Hermitage, giallo a Mosca
Morto in carcere l'avvocato del fondo inglese di Browder, aveva 37 anni - La versione ufficiale parla di arresto cardiaco, i suoi legali sostengono che la pressione nei suoi confronti era ormai insostenibile.
Vladimir Sapozhnikov
MOSCA
Aveva solo 37 anni, Serghej Magnitskij, partner della studio tributario legale Firestone Duncan e consigliere del fondo d'investimento britannico Hermitage Capital Management. È morto improvvisamente a Mosca lunedì sera nel carcere di massima sicurezza Butyrskaja. Secondo il referto medico - reso pubblico ieri dal portavoce del Comitato per le investigazioni del ministero degli Interni, Irina Dudukina - Magnitskij sarebbe morto di «arresto cardiaco, causato dallo shock tossico sviluppatosi in seguito alla rottura del pancreas».
Gli avvocati di Magnitskij, arrestato il 24 novembre del 2008 con l'accusa di aver organizzato per Hermitage una maxi evasione fiscale, hanno definito le circostanze della morte «misteriose e oscure». Negli ultimi tempi Magnitskij, che soffriva di calcoli renali era tenuto con altri due indagati in una cella di otto metri quadrati, senza finestre. «Da 11 mesi le autorità esercitavano pressioni su Magnitskij, per costringerlo a fabbricare una denuncia contro Hermitage. Più dura diventava la resistenza di Magnitskij, peggiori diventavano le condizioni del carcere», ha dichiarato al quotidiano Vedomosti, Jameson Firestone, managing partner di Firestone Dunkan.
Hermitage Capital Management, fino a poco tempo fa il maggiore fondo d'investimento occidentale sul mercato finanziario russo, si trovò nel mirino della magistratura nel 2005, principale sospetto di una campagna del Cremlino contro gli «schemi finanziari grigi» tramite i quali gli investitori stranieri avrebbero accumulato consistenti pacchetti azionari di Gazprom. Nel novembre del 2005, senza spiegazioni, Mosca vietò l'ingresso in Russia al capo di Hermitage Capital, Bill Browder, già vicepresidente di Salomon Brothers.
L'accusa ufficiale, che Hermitage respinge categoricamente, riguarda un'evasione fiscale per 230 milioni di dollari. Secondo la magistratura, Magnitskij ne sarebbe stato «l'artefice». Per la stampa russa invece il Cremlino vuole risalire alla vera attività di Hermitage che avrebbe costituito in Russia numerose società di comodo, intestate a persone disabili (che godono di numerose agevolazioni fiscali) per rastrellare sul mercato le azioni di Gazprom che non potevano essere vendute agli stranieri.

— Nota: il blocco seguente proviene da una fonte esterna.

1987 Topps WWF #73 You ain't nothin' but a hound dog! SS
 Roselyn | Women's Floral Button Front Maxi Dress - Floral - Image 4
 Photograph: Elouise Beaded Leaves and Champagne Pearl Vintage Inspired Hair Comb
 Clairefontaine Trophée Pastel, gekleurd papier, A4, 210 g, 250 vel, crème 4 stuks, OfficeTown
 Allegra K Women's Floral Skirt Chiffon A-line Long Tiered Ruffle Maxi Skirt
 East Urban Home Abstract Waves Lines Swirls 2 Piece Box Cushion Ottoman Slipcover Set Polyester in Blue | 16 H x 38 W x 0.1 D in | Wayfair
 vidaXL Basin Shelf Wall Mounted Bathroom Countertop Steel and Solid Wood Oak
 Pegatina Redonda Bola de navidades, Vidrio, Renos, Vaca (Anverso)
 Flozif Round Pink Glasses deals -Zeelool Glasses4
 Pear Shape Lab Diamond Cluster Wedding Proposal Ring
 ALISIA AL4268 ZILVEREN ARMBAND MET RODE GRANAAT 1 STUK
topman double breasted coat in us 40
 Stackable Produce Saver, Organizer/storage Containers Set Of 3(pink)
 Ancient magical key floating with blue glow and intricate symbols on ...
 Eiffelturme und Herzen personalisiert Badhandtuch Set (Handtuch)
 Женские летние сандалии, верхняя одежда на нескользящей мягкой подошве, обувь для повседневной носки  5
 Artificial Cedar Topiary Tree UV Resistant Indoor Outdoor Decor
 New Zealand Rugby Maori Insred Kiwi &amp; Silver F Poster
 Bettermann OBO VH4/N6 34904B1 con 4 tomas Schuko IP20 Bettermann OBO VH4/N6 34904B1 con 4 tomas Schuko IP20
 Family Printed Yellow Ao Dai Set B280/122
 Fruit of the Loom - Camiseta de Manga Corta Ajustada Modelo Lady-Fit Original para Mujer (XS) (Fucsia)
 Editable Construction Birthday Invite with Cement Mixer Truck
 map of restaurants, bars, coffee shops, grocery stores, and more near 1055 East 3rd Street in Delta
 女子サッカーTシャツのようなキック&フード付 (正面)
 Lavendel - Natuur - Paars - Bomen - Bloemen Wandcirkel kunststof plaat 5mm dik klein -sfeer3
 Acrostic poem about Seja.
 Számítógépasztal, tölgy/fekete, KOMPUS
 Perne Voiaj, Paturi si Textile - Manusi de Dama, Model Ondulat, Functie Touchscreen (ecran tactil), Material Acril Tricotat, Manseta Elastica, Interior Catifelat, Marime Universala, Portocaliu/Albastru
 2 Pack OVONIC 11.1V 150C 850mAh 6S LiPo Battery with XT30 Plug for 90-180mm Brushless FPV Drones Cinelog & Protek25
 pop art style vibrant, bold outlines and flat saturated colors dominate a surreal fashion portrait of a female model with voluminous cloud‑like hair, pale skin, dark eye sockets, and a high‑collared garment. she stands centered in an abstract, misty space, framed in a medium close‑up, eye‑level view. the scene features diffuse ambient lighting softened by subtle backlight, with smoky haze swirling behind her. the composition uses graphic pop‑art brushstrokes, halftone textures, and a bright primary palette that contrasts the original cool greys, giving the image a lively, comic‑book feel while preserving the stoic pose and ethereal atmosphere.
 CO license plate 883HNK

Dal momento della sua costituzione nell'aprile del 1996 Hermitage Capital, legato al gruppo bancario Hsbc, ha gestito investimenti in Russia per più di tre miliardi di dollari. Ieri sera Hermitage ha ribadito che Magnitskij era un difensore degli interessi legittimi del fondo e della banca Hsbc, nei confronti dei quali un gruppo di «funzionari statali corrotti», affiancato dai rappresentanti delle forze dell'ordine avrebbe compiuto una serie di macchinazioni finanziarie, causando danni agli investitori: «Nel corso dell'indagine Magnitskij ha denunciato molto esplicitamente l'operato di taluni magistrati che sarebbero stati coinvolti nella truffa contro Hermitage, causando danni ai fondi pubblici per 5,4 miliardi di rubli», si legge nel comunicato stampa, diffuso da Hermitage a Londra e a Mosca.
L'attacco contro Hermitage fa parte di un drammatico peggioramento delle relazioni tra la Russia e la Gran Bretagna, arrivate al massimo della tensione nel novembre del 2006 con l'uccisione a Londra dell'ex spia sovietica, Aleksandr Litvinenko, fuggita in Occidente nel 2000.